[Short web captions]
+-------+
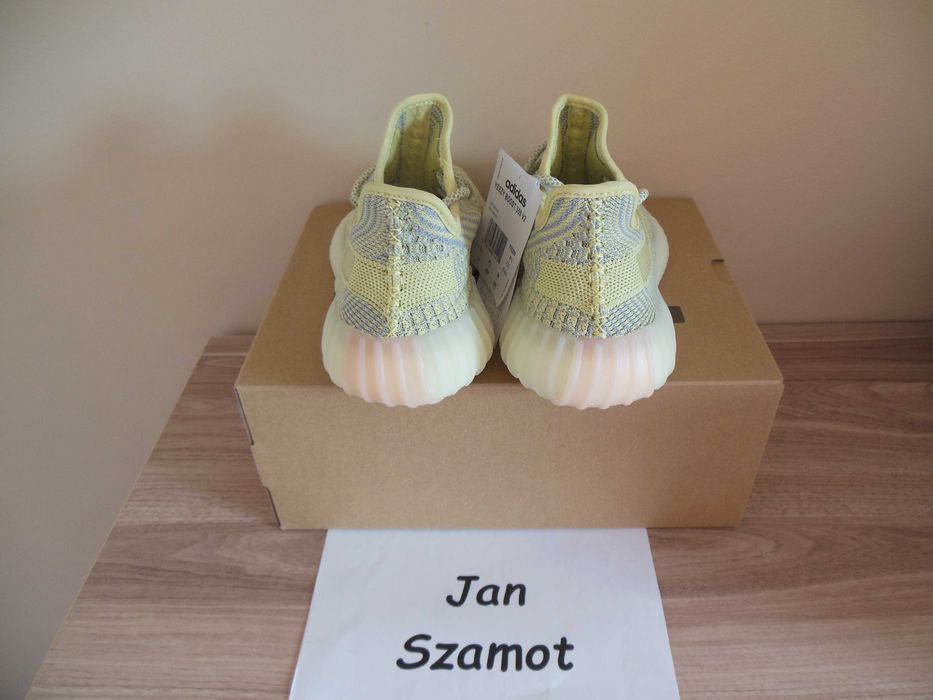 36 Adidas Yeezy Boost 350 V2 Antlia Non-Reflective FV3250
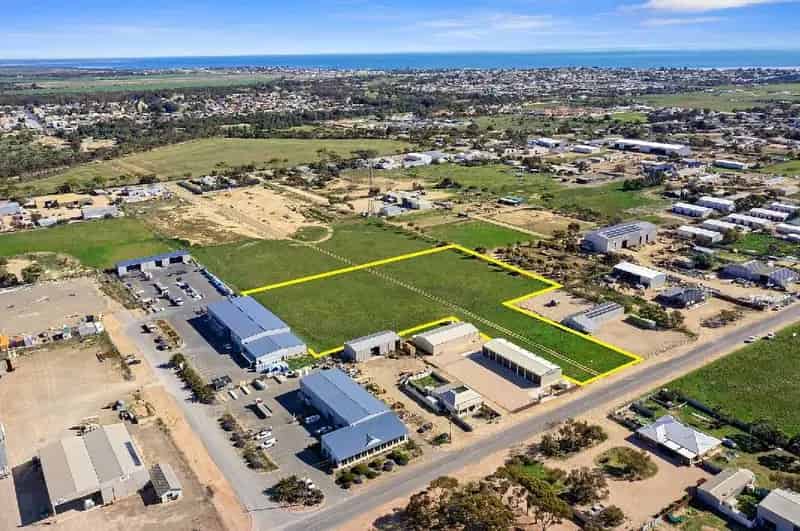 Buy Industrial Land 1.55 Hectares with Frontage in Muddy Lane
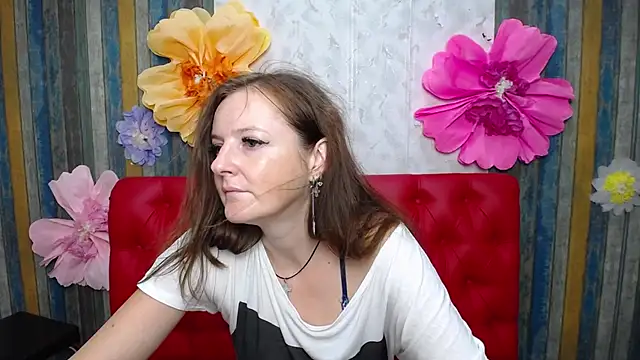 XXX chat uživo modela MeganPirs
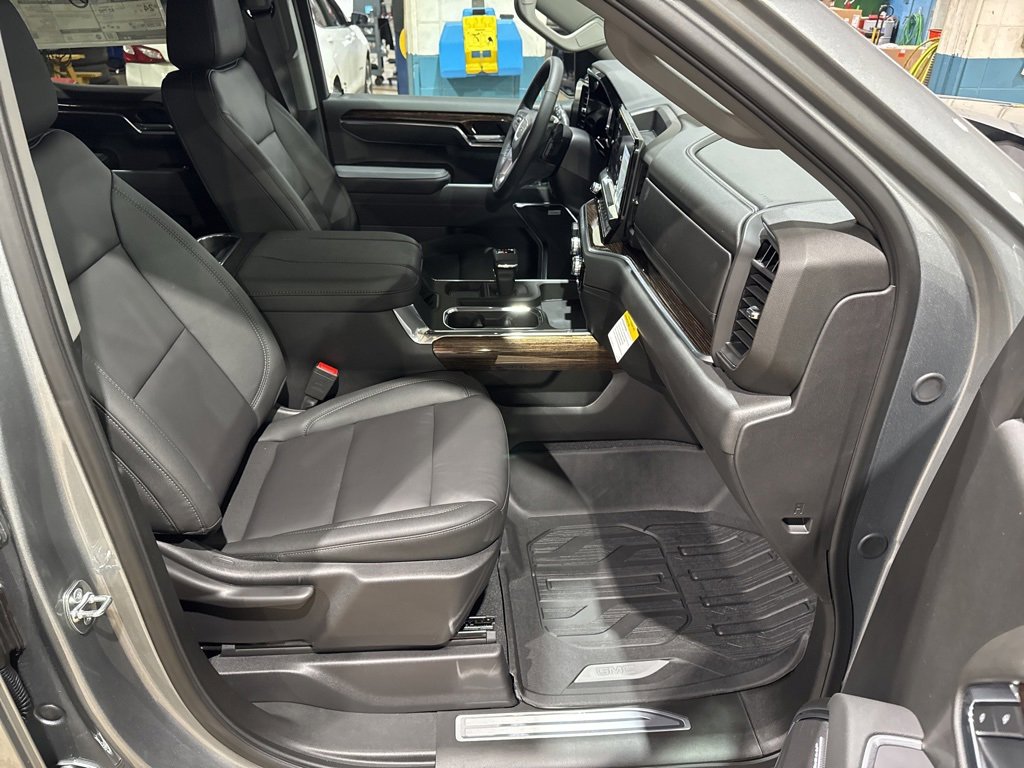 New 2026 GMC Sierra 1500 Elevation image 42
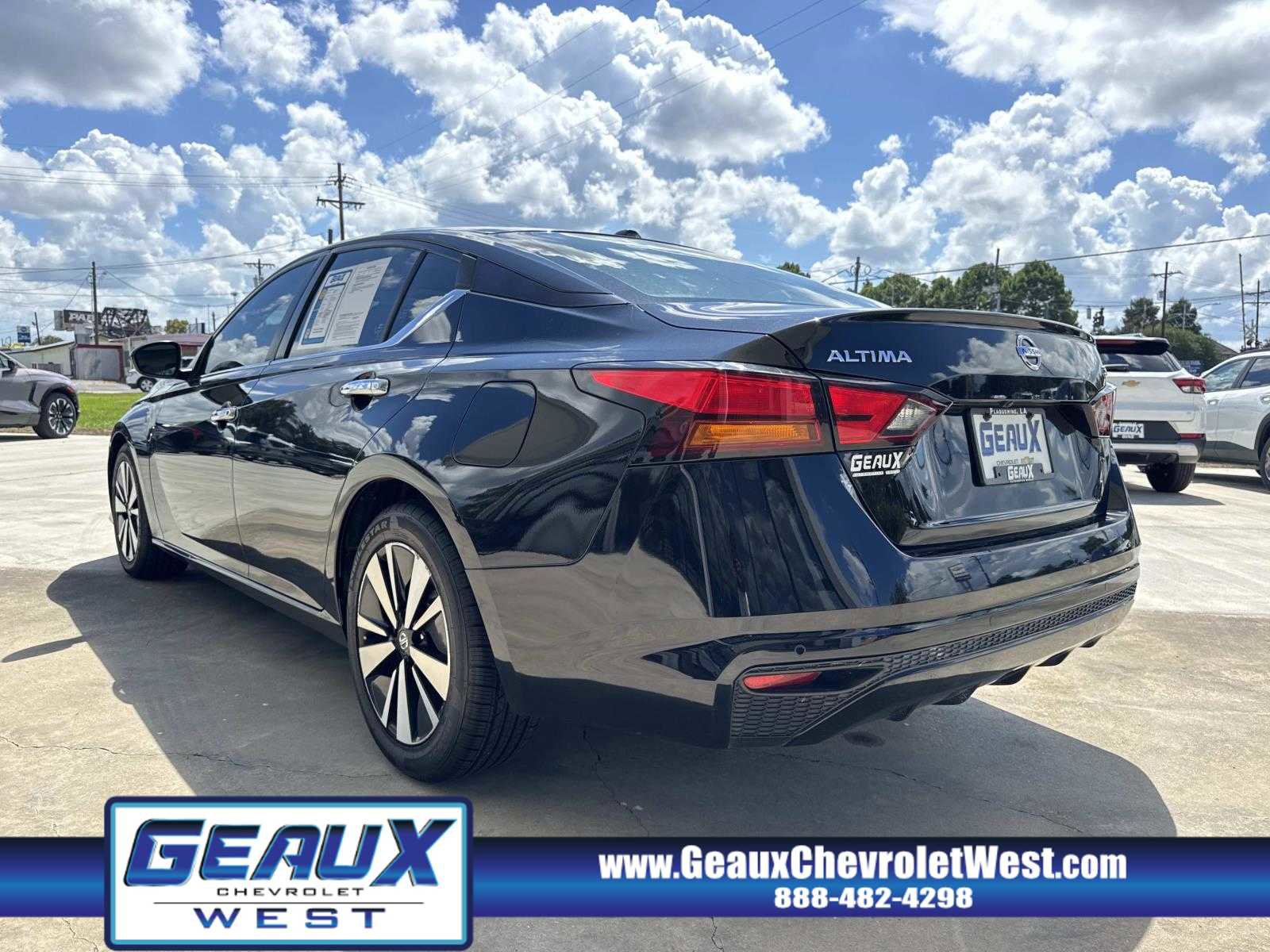 Used 2021 Nissan Altima 2.5 SV image 8
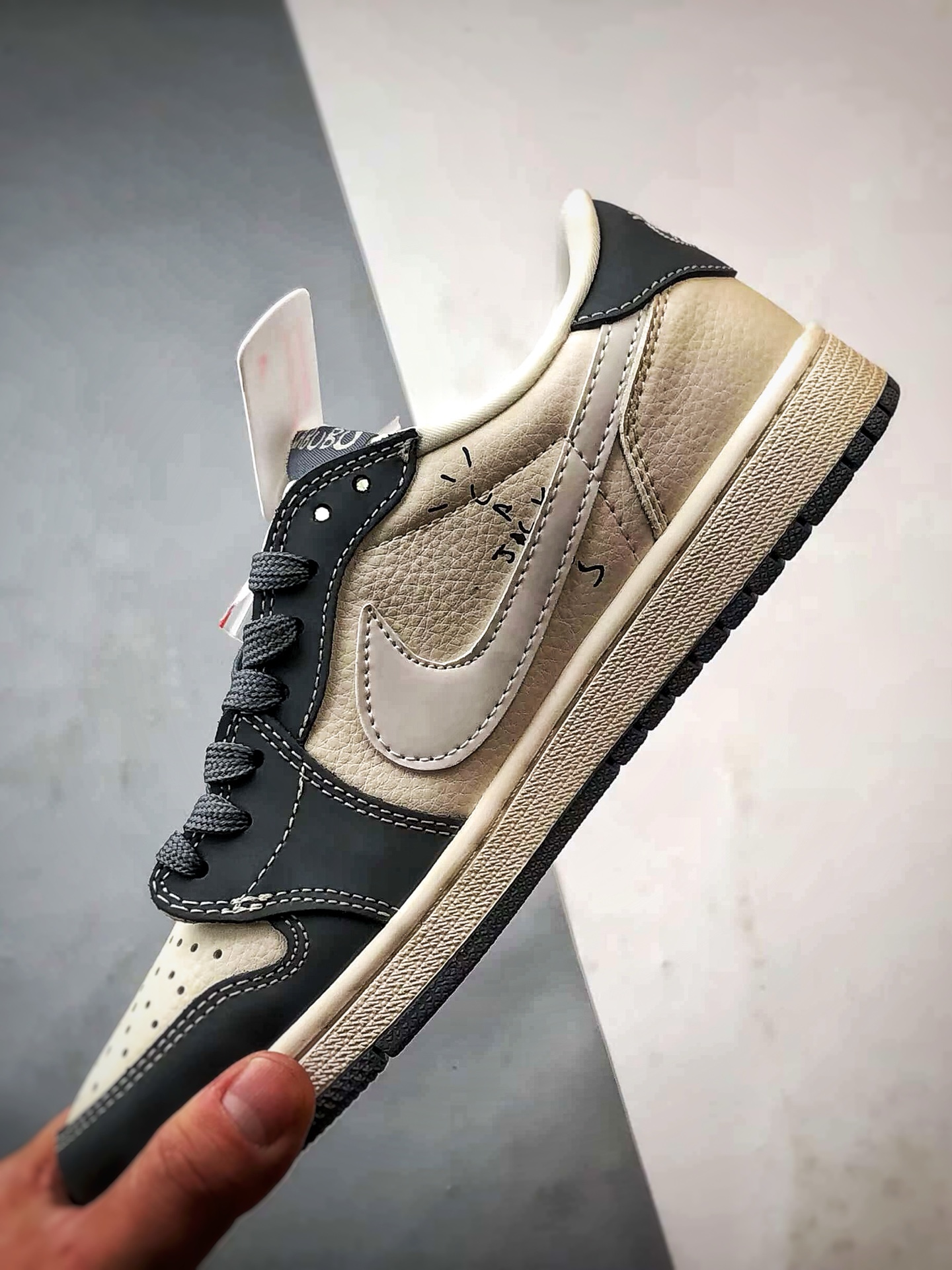 290 Air Jordan 1 Low ”高端定制” 拉布布涂鸦米白灰倒钩 DZ1888-094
+-------+
▸ **YOUR INSTRUCTIONS**:
Skip the pictures and print exactly the lines from the one containing "Used 2021 Nissan Altima 2.5 SV image 8" through the end of the records above.

▸ **RESPONSE TO THIS EXERCISE**:
 Used 2021 Nissan Altima 2.5 SV image 8
 290 Air Jordan 1 Low ”高端定制” 拉布布涂鸦米白灰倒钩 DZ1888-094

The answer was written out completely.